--- Dataset content Enclosed Below ---

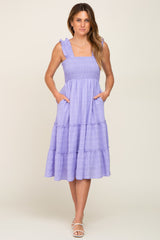 Lavender Smocked Square Neck Ruffle Strap Tiered Midi Dress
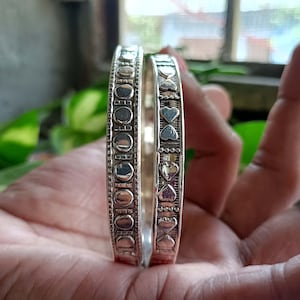 2 Design Set Bangles, Stackable Bangles, 925 Silver Bangle for Her/him, Handmade Bangles, Women Bangle, Dainty Bangle, Heart Design Bangle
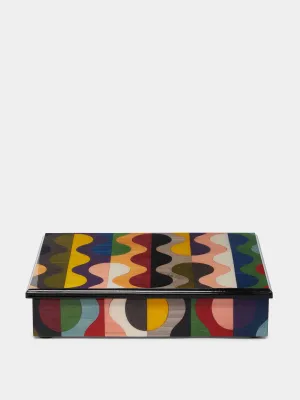 Geometric pattern wood inlay box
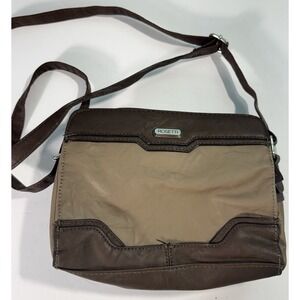 Rossetti Brown And Tan Faux Leather Crossbody Purse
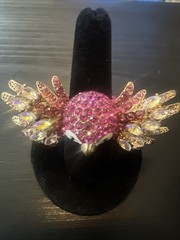 Betsey Johnson Hot Pink Owl Bracelet And Ring Set – Extremely Rare- G1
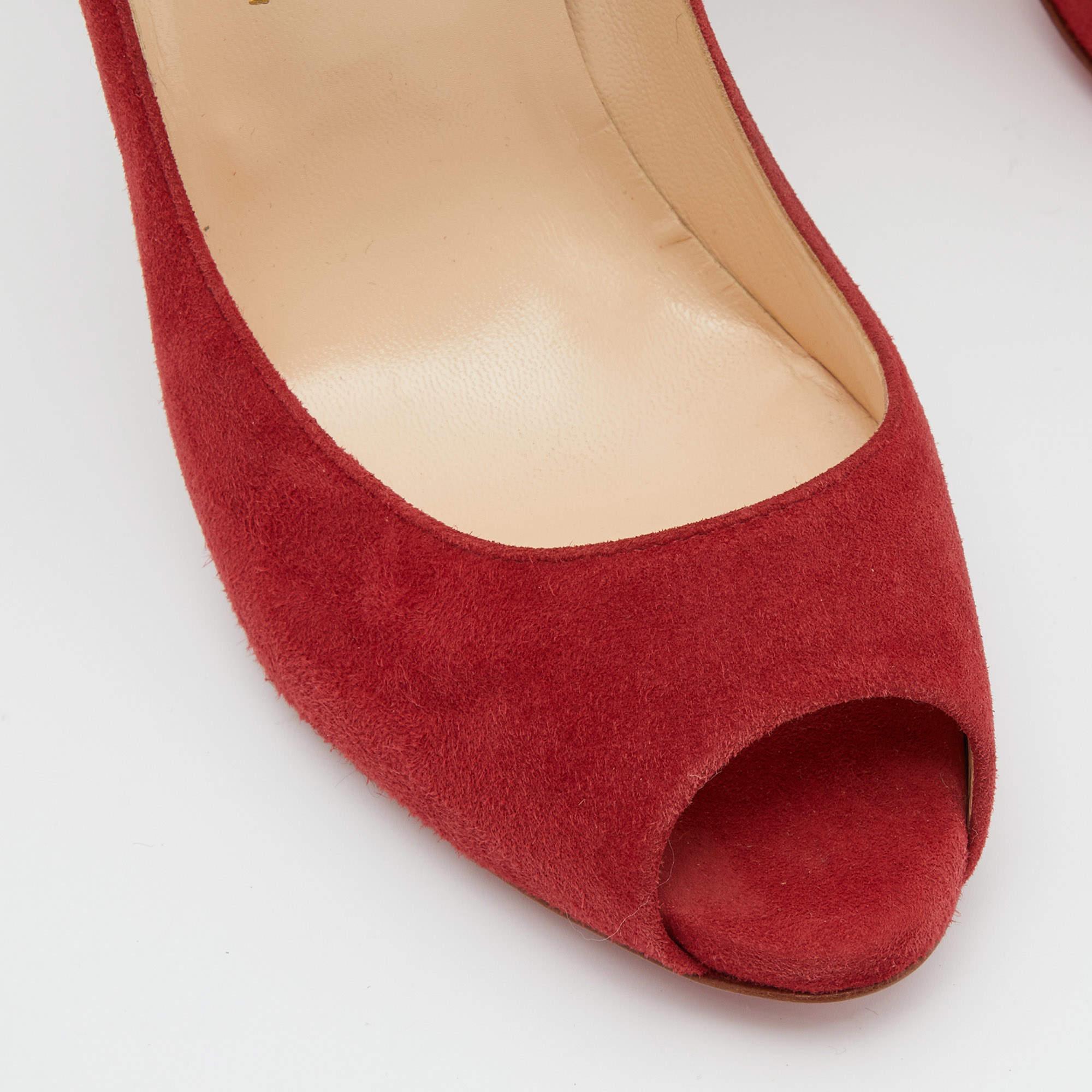 Christian Louboutin Red Suede Hyper Prive Peep Toe Platform Pumps Size 38.5 For Sale 3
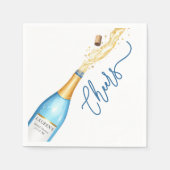 Bruidsfeest servetten met Blauwe Champagne Pop (Voorkant)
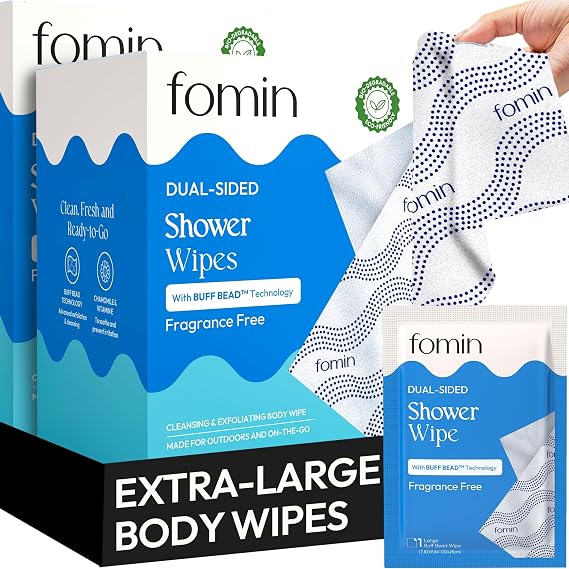 FOMIN Travel Shower Wipes - 10 Pack XL No Rinse Bathing Wipes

--- End of Enclosed Dataset content ---

**About this task**
Whatever lies between the first line of the data and the line holding "Bruidsfeest servetten met", inclusive, should be repeated exactly, apart from the pictures.

**Output of the task**
 Lavender Smocked Square Neck Ruffle Strap Tiered Midi Dress
 2 Design Set Bangles, Stackable Bangles, 925 Silver Bangle for Her/him, Handmade Bangles, Women Bangle, Dainty Bangle, Heart Design Bangle
 Geometric pattern wood inlay box
 Rossetti Brown And Tan Faux Leather Crossbody Purse
 Betsey Johnson Hot Pink Owl Bracelet And Ring Set – Extremely Rare- G1
 Christian Louboutin Red Suede Hyper Prive Peep Toe Platform Pumps Size 38.5 For Sale 3
 Bruidsfeest servetten met Blauwe Champagne Pop (Voorkant)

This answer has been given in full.